Suasana mal sangat ramai membuat Dena sulit bergerak. 
"Sebenarnya ada apa, sih? Kayak ada artis lewat, aja!" gerutu Dena sambil menenteng tas slempangnya ke depan demi keamanan. Niat jahat orang bisa muncul saat ada kesempatan, kan. 

Belum juga selesai menggerutu, Dena sudah melotot melihat aktor terkenal dari Korea berjalan dari kejauhan. Dena semakin terdesak dengan kedatangan gerombolan remaja seusianya yang terus saja mendorong ke depan. Dena juga suka KPop dan nonton dramanya, tapi tidak se-ekstrim ini juga. 

Dena tak bisa menahan tubuhnya lagi. Dia sendiri sudah mepet ke batas bodyguard yang melindungi si aktor. Sial bagi Dena, dia limbung dan terhuyung ke arah depan. Bodyguard yang paling dekat dengannya telat bereaksi, sehingga tak mampu mencegah insiden jatuhnya Dena. 

"Are you ok?"  Ya Tuhan, si aktor itu sampai berhenti dan menghampiri. Situasi nyaris tak terkendali. Beruntung security dan bodyguard bisa mengatasi insiden tak terduga yang terjadi. Meskipun Dena bukan salah satu penggemar, tetap saja terpesona dengan ketampanan paripurna seorang idol. Mana wangi, pula. 
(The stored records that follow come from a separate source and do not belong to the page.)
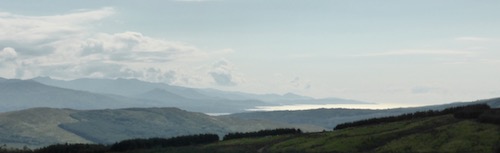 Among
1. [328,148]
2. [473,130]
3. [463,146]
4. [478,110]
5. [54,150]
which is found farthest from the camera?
[54,150]

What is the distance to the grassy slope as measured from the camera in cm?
10575

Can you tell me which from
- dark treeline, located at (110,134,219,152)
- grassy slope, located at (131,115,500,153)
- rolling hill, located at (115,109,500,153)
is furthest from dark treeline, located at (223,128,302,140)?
rolling hill, located at (115,109,500,153)

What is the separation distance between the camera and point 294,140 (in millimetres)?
142750

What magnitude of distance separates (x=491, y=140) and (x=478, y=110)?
3422 cm

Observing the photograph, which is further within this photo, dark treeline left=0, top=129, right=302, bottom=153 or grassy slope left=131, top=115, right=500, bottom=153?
dark treeline left=0, top=129, right=302, bottom=153

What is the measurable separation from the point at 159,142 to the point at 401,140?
85738mm

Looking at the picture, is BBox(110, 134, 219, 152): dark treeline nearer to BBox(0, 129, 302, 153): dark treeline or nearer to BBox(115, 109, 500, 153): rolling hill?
BBox(0, 129, 302, 153): dark treeline

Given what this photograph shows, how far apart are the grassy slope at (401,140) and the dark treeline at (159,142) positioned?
22.9 m

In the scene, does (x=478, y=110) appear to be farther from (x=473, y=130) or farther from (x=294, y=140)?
(x=294, y=140)

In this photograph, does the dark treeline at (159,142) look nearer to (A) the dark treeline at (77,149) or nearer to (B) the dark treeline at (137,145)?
(B) the dark treeline at (137,145)

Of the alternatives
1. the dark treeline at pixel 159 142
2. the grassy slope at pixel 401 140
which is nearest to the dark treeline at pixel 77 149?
the dark treeline at pixel 159 142

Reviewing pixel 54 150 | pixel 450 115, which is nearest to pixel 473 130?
pixel 450 115

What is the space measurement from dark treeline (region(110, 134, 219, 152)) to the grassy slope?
2295 centimetres

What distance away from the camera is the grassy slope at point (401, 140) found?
106m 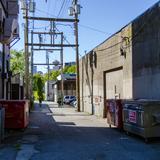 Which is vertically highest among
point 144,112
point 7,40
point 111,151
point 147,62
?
point 7,40

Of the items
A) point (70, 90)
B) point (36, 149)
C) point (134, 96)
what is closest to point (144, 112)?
point (36, 149)

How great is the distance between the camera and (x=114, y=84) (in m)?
28.2

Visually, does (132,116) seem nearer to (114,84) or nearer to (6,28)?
(6,28)

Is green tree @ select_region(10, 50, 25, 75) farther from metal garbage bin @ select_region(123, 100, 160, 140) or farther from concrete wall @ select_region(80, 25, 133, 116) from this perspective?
metal garbage bin @ select_region(123, 100, 160, 140)

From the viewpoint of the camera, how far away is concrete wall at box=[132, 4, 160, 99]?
747 inches

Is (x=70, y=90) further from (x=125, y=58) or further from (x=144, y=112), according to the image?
(x=144, y=112)

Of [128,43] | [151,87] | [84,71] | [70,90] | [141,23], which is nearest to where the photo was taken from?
[151,87]

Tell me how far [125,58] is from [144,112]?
8.97 m

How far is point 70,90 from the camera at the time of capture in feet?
275

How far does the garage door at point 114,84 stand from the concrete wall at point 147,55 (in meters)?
3.96

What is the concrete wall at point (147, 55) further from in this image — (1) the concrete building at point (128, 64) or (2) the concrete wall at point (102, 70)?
(2) the concrete wall at point (102, 70)

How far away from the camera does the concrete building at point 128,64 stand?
19422 mm

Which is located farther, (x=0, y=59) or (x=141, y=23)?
(x=0, y=59)

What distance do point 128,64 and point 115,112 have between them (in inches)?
160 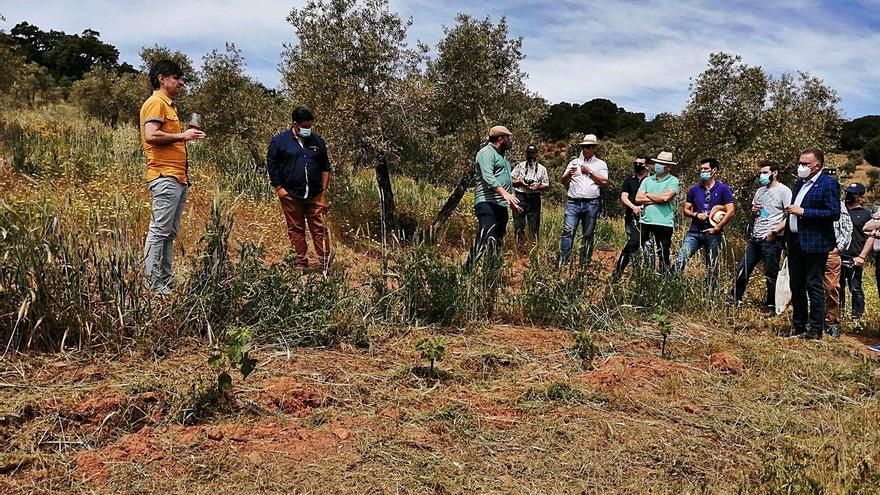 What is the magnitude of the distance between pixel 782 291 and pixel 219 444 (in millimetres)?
5688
Seseorang langsung mendekat dan membantu. Dia berbicara dalam bahasa Korea dengan si aktor. Sepertinya si aktor harus pergi, tidak mungkin akan tinggal lebih lama demi dirinya, kan. 

"Maaf, dia harus segera ke lokasi acara karena dikejar waktu. Anda akan dibantu anak buah saya ke rumah sakit terdekat. Jangan khawatir, biaya akan kami tanggung." Salah satu pria dengan jaket bertuliskan official menggantikan posisi aktor tadi. 
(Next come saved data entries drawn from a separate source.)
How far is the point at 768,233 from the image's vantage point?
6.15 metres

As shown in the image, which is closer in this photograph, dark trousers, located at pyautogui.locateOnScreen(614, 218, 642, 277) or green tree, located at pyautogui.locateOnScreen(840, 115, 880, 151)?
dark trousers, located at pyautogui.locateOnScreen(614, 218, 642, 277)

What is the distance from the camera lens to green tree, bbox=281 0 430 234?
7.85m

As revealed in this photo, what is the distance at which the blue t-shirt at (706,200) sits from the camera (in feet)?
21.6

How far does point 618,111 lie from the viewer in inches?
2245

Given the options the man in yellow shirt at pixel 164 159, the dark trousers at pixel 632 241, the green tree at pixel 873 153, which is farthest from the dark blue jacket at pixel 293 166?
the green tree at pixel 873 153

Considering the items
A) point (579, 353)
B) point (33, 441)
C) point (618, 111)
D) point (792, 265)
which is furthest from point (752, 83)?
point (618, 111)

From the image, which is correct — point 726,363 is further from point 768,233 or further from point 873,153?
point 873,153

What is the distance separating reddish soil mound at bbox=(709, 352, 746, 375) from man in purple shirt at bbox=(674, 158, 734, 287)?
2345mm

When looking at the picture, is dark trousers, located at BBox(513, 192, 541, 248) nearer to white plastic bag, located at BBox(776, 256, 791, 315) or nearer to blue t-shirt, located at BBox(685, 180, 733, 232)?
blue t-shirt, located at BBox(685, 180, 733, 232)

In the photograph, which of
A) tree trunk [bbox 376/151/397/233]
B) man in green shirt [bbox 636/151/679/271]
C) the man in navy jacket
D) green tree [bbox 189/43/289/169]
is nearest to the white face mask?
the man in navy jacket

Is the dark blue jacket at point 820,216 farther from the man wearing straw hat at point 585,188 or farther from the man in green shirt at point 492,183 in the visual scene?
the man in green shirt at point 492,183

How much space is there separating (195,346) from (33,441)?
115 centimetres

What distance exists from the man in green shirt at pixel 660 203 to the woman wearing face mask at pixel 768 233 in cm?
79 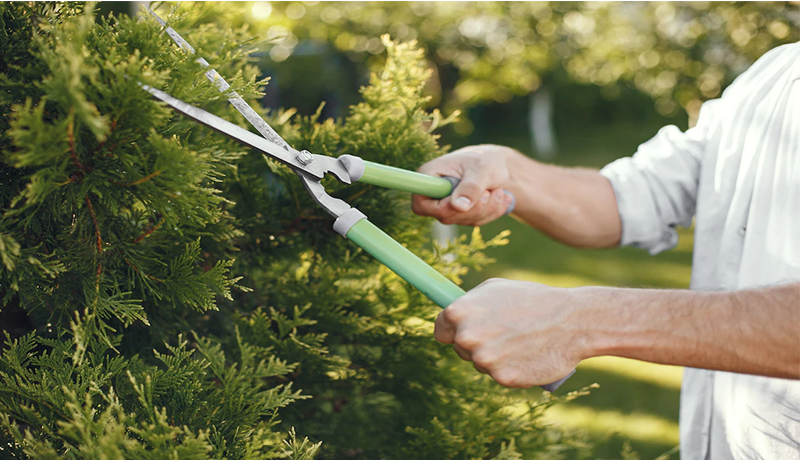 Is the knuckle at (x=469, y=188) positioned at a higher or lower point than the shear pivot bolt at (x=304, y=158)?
lower

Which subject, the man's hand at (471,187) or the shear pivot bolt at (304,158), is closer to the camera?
the shear pivot bolt at (304,158)

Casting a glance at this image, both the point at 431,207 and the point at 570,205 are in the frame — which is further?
the point at 570,205

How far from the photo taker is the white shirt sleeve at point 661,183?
4.91 feet

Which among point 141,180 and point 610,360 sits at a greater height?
point 141,180

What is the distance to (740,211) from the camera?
4.05 feet

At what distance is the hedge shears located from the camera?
972mm

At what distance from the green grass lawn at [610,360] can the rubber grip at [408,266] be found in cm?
77

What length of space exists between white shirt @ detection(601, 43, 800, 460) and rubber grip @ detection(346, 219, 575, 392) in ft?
1.48

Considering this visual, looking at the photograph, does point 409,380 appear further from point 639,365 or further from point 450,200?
point 639,365

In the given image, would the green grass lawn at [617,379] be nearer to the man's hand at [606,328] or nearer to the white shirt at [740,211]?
the white shirt at [740,211]

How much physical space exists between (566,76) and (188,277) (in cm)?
1402

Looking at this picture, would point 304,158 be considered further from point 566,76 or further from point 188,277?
point 566,76

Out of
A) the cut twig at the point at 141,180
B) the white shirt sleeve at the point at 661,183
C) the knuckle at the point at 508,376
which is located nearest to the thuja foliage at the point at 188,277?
the cut twig at the point at 141,180

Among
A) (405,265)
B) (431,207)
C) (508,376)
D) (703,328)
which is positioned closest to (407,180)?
(431,207) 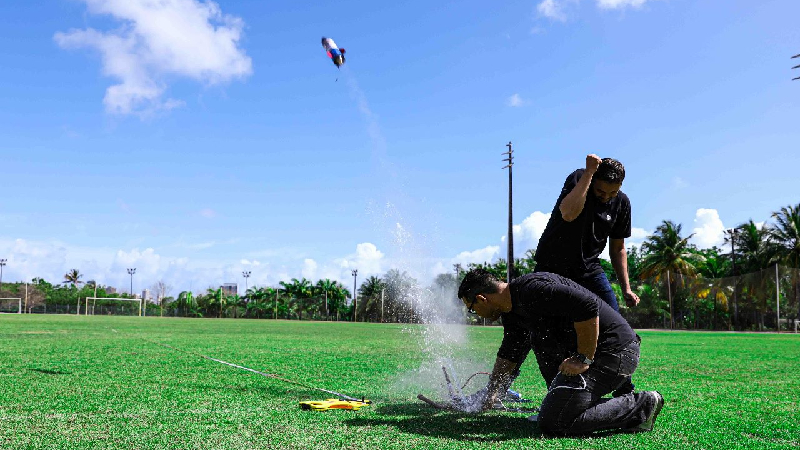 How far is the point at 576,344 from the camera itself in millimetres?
4418

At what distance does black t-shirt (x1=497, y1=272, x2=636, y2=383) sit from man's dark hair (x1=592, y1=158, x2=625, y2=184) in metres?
0.85

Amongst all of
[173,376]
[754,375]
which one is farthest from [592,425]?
[754,375]

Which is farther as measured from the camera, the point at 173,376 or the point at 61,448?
the point at 173,376

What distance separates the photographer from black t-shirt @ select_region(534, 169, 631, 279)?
4875mm

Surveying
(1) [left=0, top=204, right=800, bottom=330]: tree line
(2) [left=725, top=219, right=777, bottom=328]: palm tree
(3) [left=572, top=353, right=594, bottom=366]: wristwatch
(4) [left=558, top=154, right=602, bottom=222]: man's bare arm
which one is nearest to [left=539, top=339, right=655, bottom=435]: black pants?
(3) [left=572, top=353, right=594, bottom=366]: wristwatch

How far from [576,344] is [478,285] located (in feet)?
2.79

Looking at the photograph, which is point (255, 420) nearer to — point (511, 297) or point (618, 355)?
point (511, 297)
Dena masih ngelag, dia akhirnya sepenuhnya sadar, setelah mendengar kalimat mas-mas Korea tadi, sepertinya kru dari rombongan si aktor. 

"Ooh, nggak perlu. Saya baik-baik saja. Saya nggak luka dan bisa jalan. Thank you." Dena segera beranjak pergi, dia hanya ingin segera menyingkir dari kerumunan itu. 

Di tempat parkir, Dena masih tidak mempercayai apa yang menimpanya tadi. Entah, sial atau justru keberuntungan, yang Dena pikirkan dia bersyukur tak ada yang sakit atau luka. Kalau sampai terkilir atau semacamnya, itu akan sangat merepotkan. 

Mendadak tatapannya tertuju ke satu arah. Ada sosok tak asing sedang berdiri bersama si aktor tadi, bersama beberapa orang lainnya.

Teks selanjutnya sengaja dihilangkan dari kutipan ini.